Koopmans' condition for density-functional theory

TL;DR

This paper introduces a correction to approximate density functionals that enforces Koopmans' condition, significantly reducing self-interaction errors and improving the accuracy of orbital energies and total energies in density-functional theory.

Contribution

It derives a non-Koopmans correction that eliminates unphysical occupation dependence of orbital energies up to third order, enhancing the physical realism of density-functional approximations.

Findings

Corrected functionals align orbital energies with experimental electron removal energies.

The correction achieves accuracy comparable to GW methods.

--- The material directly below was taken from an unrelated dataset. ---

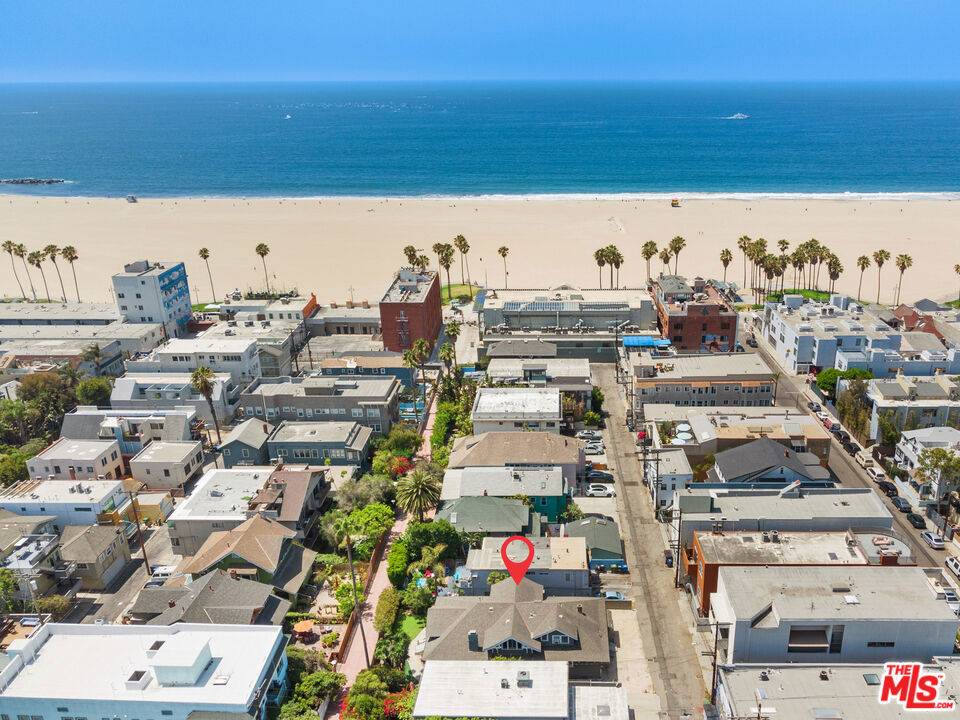 Venice, CA 90291,45 Breeze AVE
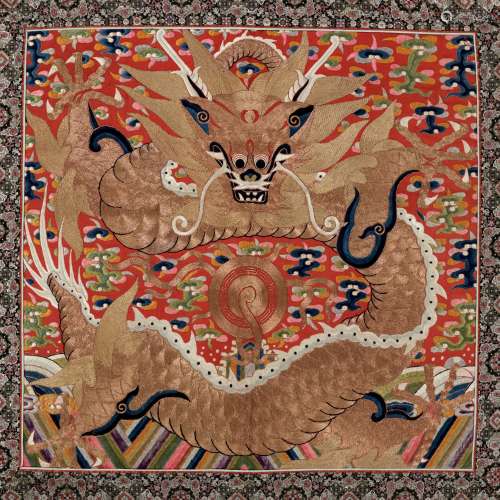 A SILK EMBROIDERED DRAGON PANEL IN TWO-TONE GOLD, CHINA, 19T...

Structural property predictions are preserved or improved.

Abstract

In approximate Kohn-Sham density-functional theory, self-interaction manifests itself as the dependence of the energy of an orbital on its fractional occupation. This unphysical behavior translates into qualitative and quantitative errors that pervade many fundamental aspects of density-functional predictions. Here, we first examine self-interaction in terms of the discrepancy between total and partial electron removal energies, and then highlight the importance of imposing the generalized Koopmans' condition -- that identifies orbital energies as opposite total electron removal energies -- to resolve this discrepancy. In the process, we derive a correction to approximate functionals that, in the frozen-orbital approximation, eliminates the unphysical occupation dependence of orbital energies up to the third order in the single-particle densities. This non-Koopmans correction brings physical meaning to single-particle energies; when applied to common local or semilocal density functionals it provides results that are in excellent agreement with experimental data -- with an accuracy comparable to that of GW many-body perturbation theory -- while providing an explicit total energy functional that preserves or improves on the description of established structural properties.